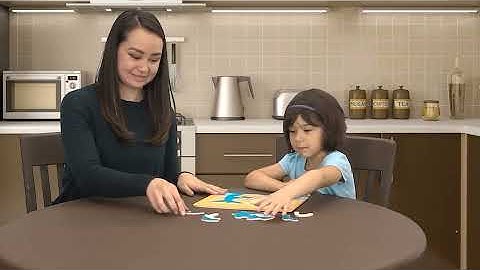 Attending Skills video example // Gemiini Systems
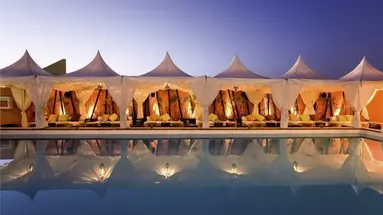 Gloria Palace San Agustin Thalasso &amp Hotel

──────────────────────────────

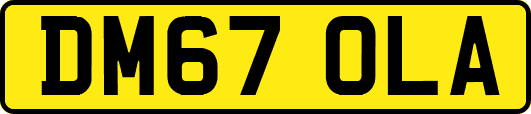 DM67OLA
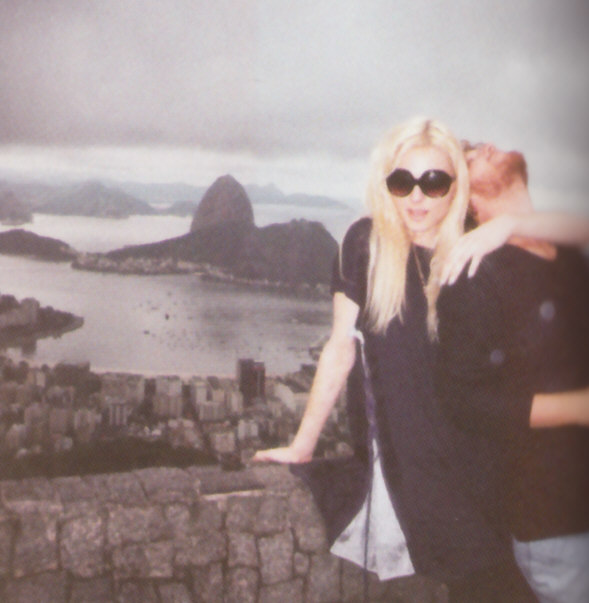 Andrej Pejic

──────────────────────────────

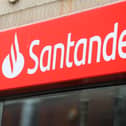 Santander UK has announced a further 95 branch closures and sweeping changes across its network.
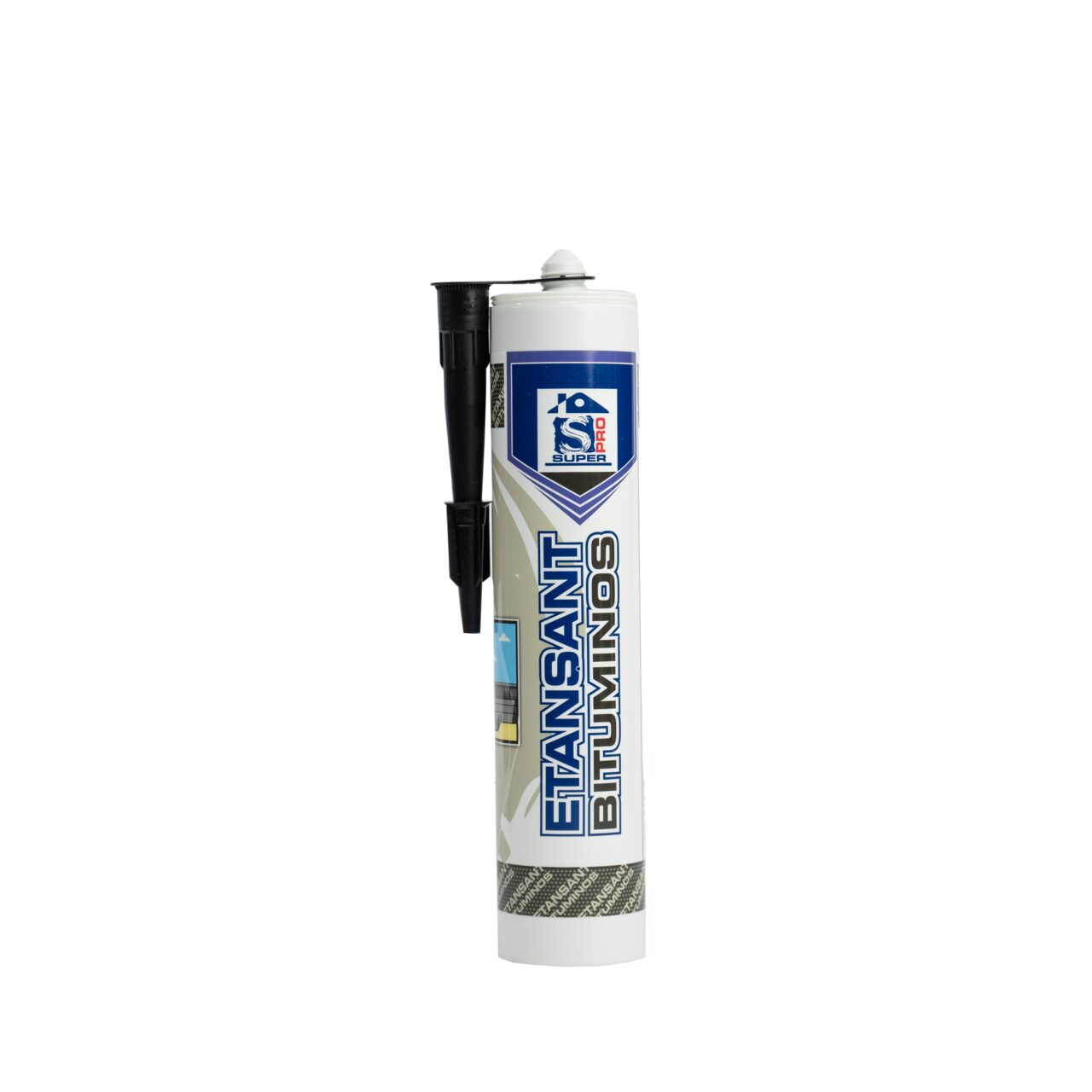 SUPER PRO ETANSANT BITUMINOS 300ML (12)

──────────────────────────────

▸ **What you should do**
Range to copy from the listing above: the line containing "Santander UK has" down to the line containing "SUPER PRO ETANSANT BITUMINOS 300ML (12)", both included. Reproduce it exactly, minus the pictures, and add nothing.

▸ **Task answer**
 Santander UK has announced a further 95 branch closures and sweeping changes across its network.
 SUPER PRO ETANSANT BITUMINOS 300ML (12)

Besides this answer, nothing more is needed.